What to produce: When you write out the listing below, keep each word exactly as it stands and drop the pictures.

Data section:
______

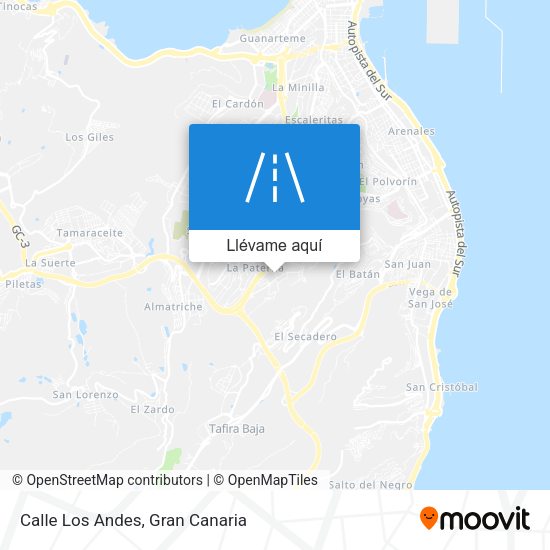 Mapa Calle Los Andes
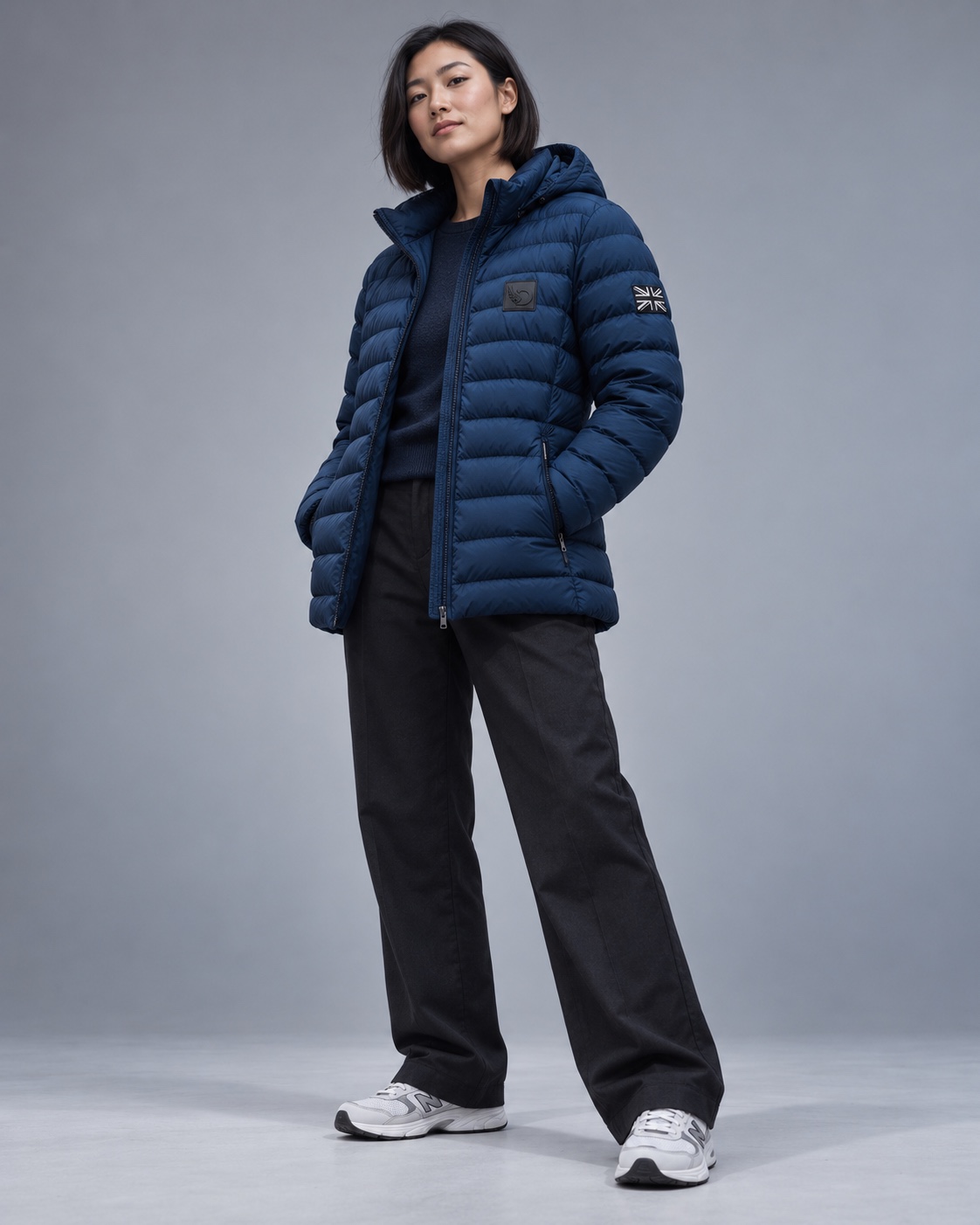 DROW Wear AJ Stealth Navy Blue Coat - Image 4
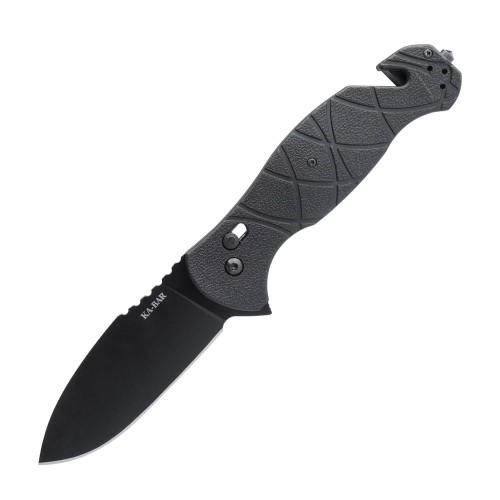 Ka-Bar - Nóż składany ratowniczy Coytu Folder 3,5" - AUS 8A - Czarny - 3085-1 58694
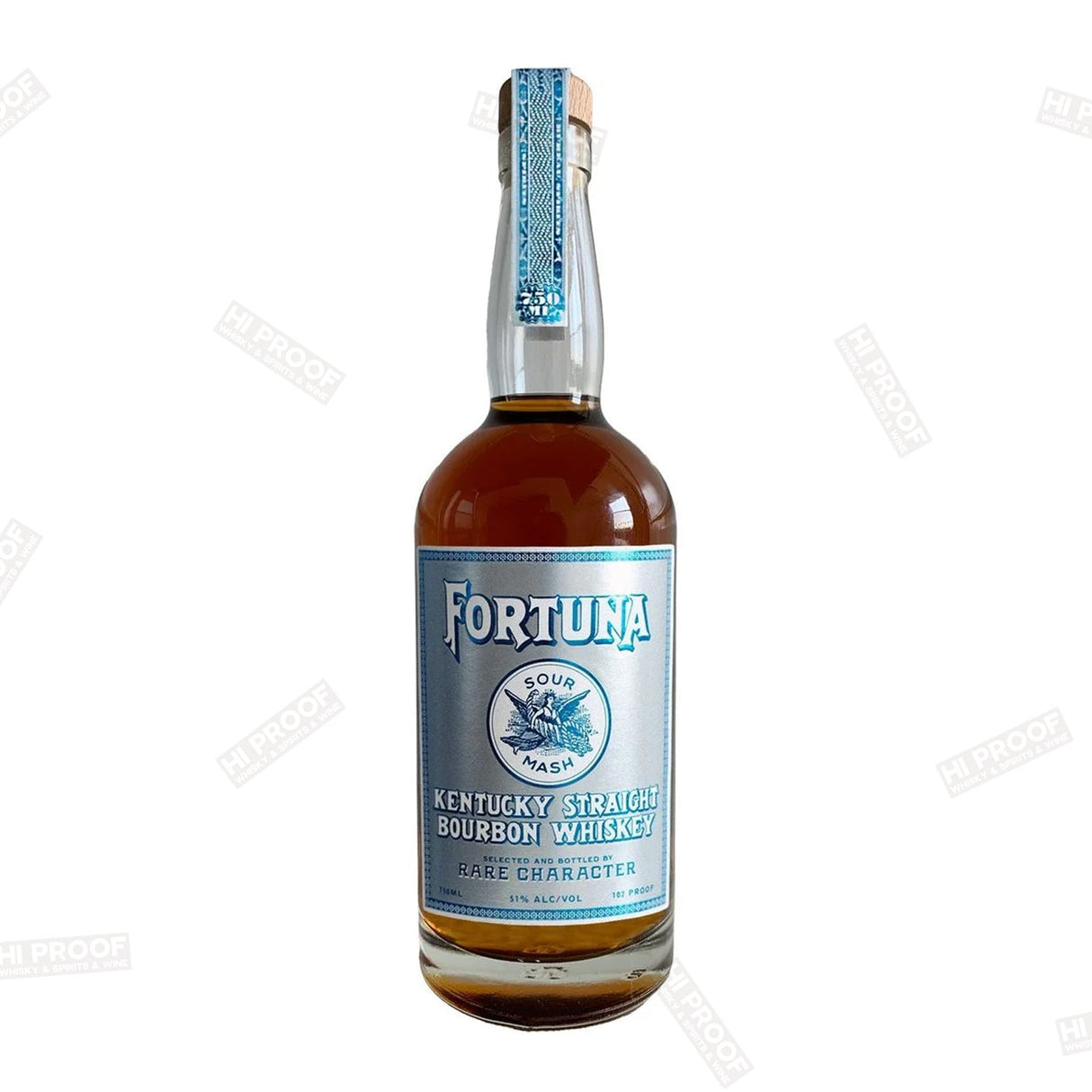 FORTUNA SOUR MASH RARE CHARACTER 102 PROOF - Hi Proof - Rare Character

______

Written answer:
 Mapa Calle Los Andes
 DROW Wear AJ Stealth Navy Blue Coat - Image 4
 Ka-Bar - Nóż składany ratowniczy Coytu Folder 3,5" - AUS 8A - Czarny - 3085-1 58694
 FORTUNA SOUR MASH RARE CHARACTER 102 PROOF - Hi Proof - Rare Character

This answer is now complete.